*SUPPLIED INFORMATION*
*** Begin section ***

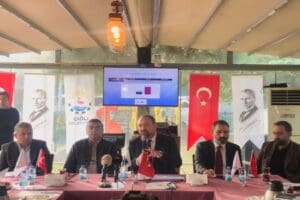 &Ccedil;iğli Belediyesi Başkanı Utku G&uuml;mr&uuml;k&ccedil;&uuml;, 2022 yılını değerlendiren bir basın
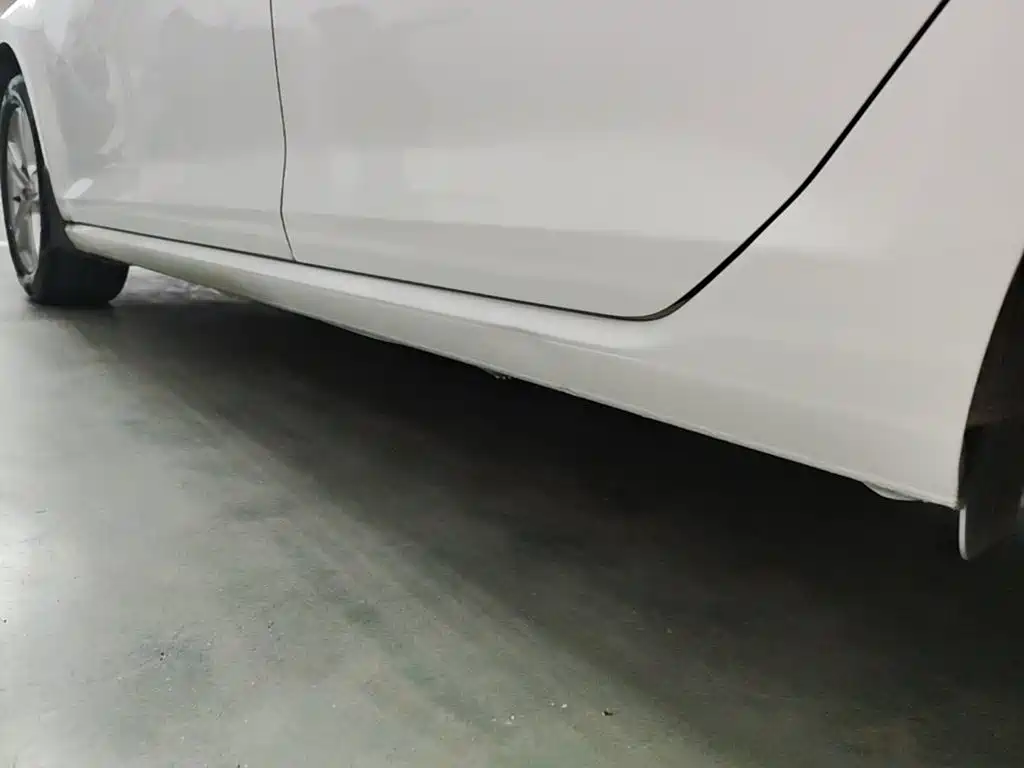 Volkswagen Golf — миниатюра 22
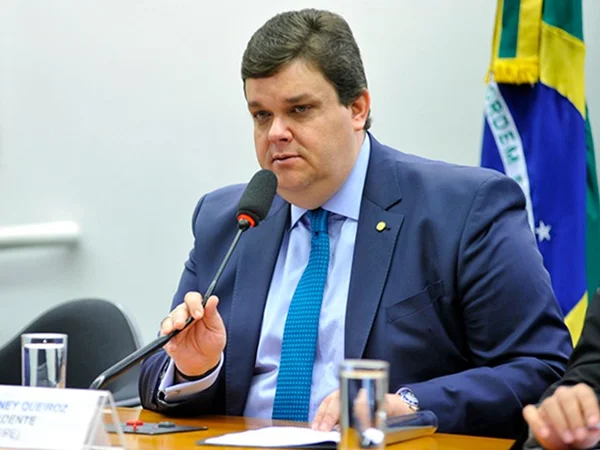 Deputado Wolney Queiroz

*** End section ***

*EXERCISE DIRECTIONS*
The line with "Volkswagen Golf — миниатюра 22" marks the start, and the last line of the material marks the end. Reproduce exactly those two lines and every line between them, without the pictures.

*EXERCISE RESULT*
 Volkswagen Golf — миниатюра 22
 Deputado Wolney Queiroz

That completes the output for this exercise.